TASK BRIEF: Copy the entries below exactly; any picture among them should be left out.

☆ ☆ ☆ ☆

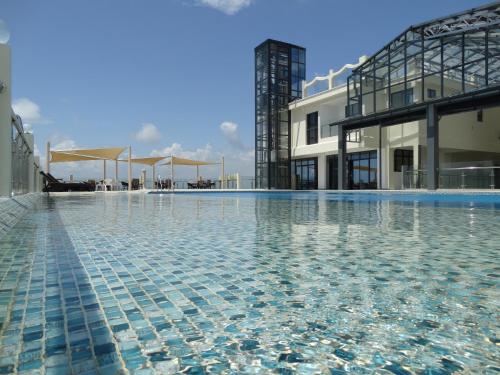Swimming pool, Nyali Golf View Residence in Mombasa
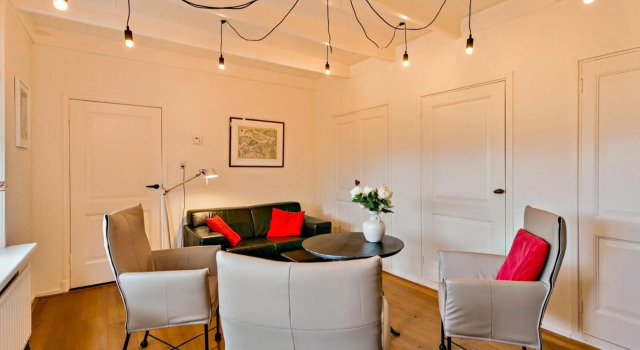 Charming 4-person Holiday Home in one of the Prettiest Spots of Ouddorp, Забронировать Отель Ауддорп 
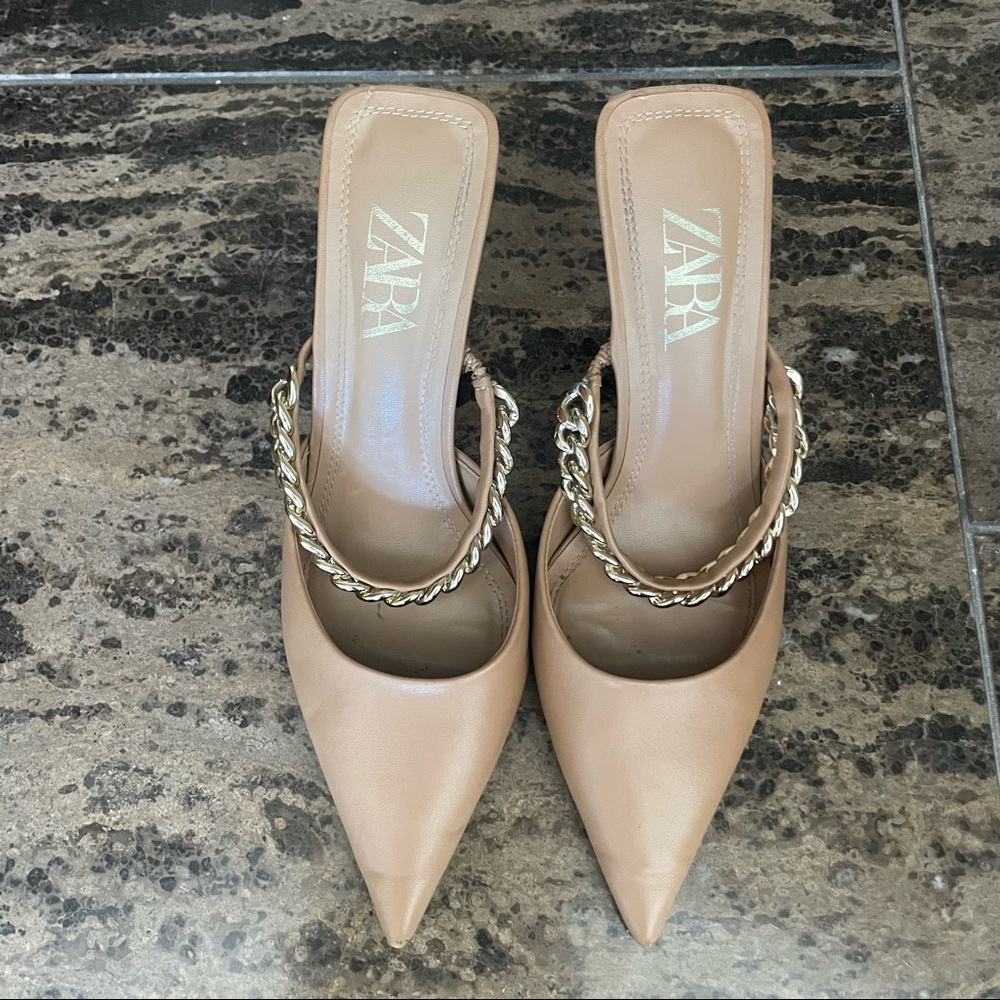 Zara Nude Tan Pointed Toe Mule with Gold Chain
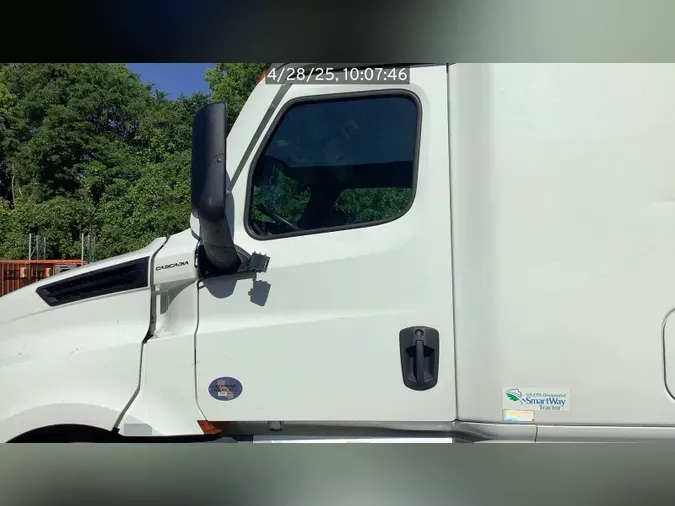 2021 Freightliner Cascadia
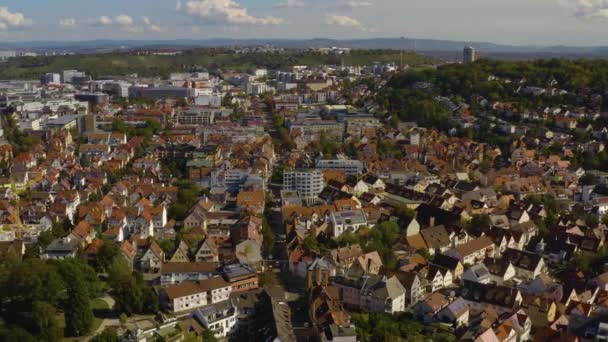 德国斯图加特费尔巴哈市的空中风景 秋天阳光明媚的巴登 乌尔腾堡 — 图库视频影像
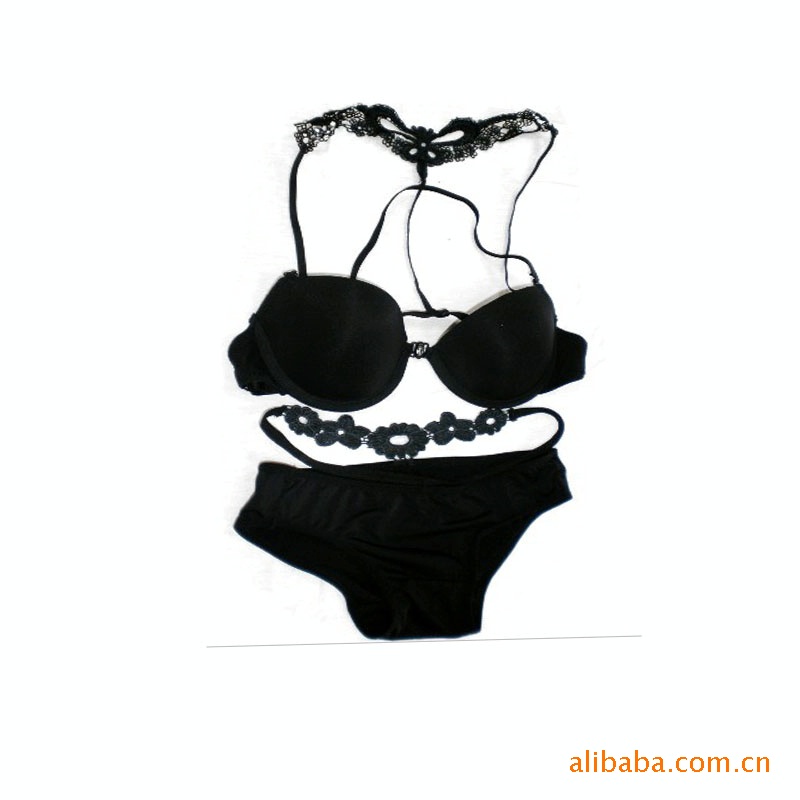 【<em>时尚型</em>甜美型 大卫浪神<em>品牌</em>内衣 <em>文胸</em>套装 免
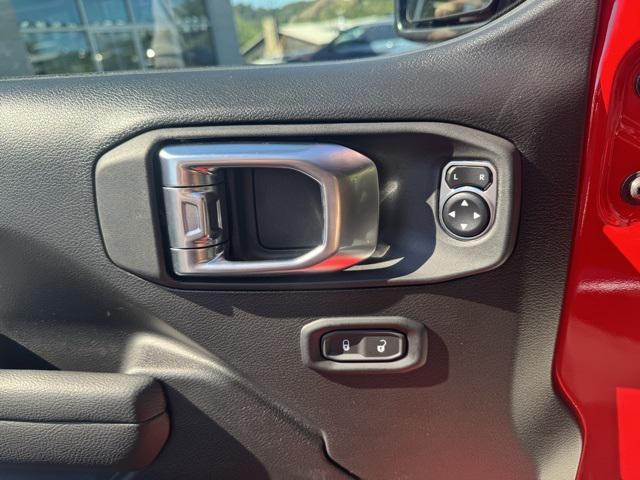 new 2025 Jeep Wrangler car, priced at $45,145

☆ ☆ ☆ ☆

TASK RESPONSE:
Swimming pool, Nyali Golf View Residence in Mombasa
 Charming 4-person Holiday Home in one of the Prettiest Spots of Ouddorp, Забронировать Отель Ауддорп 
 Zara Nude Tan Pointed Toe Mule with Gold Chain
 2021 Freightliner Cascadia
 德国斯图加特费尔巴哈市的空中风景 秋天阳光明媚的巴登 乌尔腾堡 — 图库视频影像
 【<em>时尚型</em>甜美型 大卫浪神<em>品牌</em>内衣 <em>文胸</em>套装 免
 new 2025 Jeep Wrangler car, priced at $45,145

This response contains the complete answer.